What is needed is a word-for-word transcript of the listing, free of pictures.

▶ _Data segment_:
.....

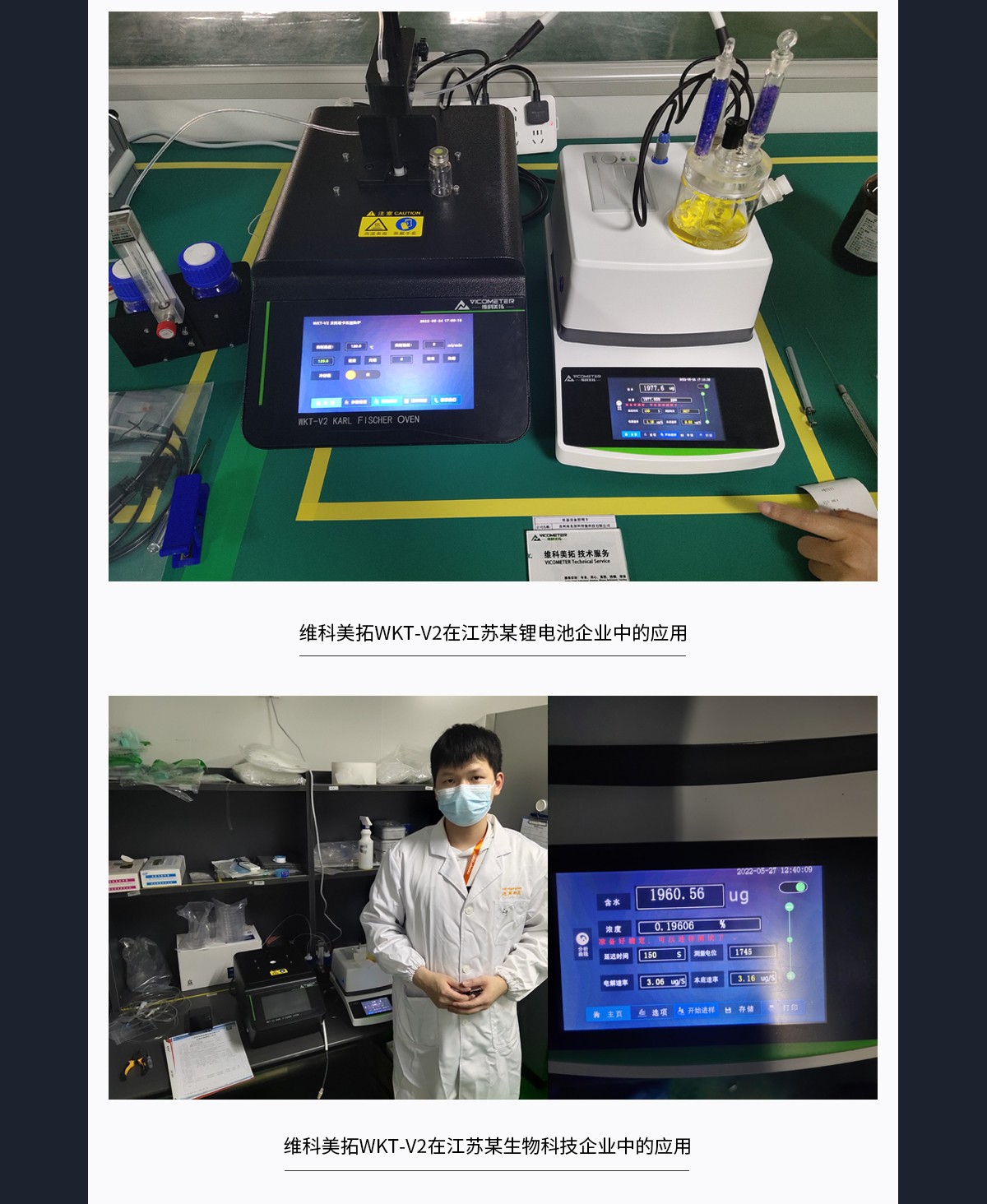 WKT-V2卡式加熱爐水分測(cè)定系統(tǒng)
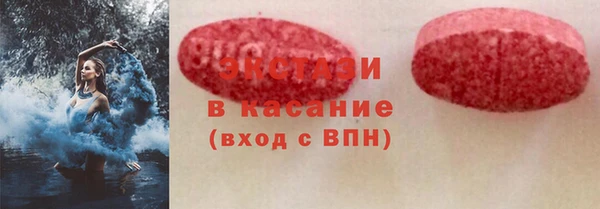 ALPHA PVP Богородск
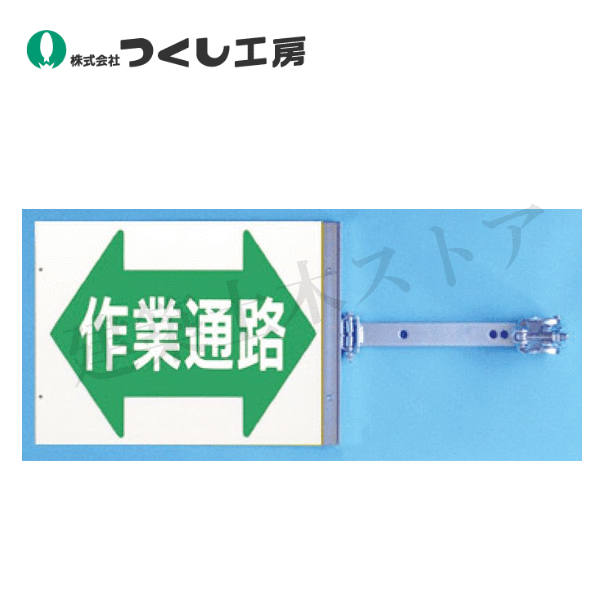 つくし工房　SB-17　スイング標識金具付＜作業通路＞(両面印刷)　　特殊プラスチックボード｜建築土木ストア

.....

▶ _Answer to this exercise_:
 WKT-V2卡式加熱爐水分測(cè)定系統(tǒng)
 ALPHA PVP Богородск
 つくし工房　SB-17　スイング標識金具付＜作業通路＞(両面印刷)　　特殊プラスチックボード｜建築土木ストア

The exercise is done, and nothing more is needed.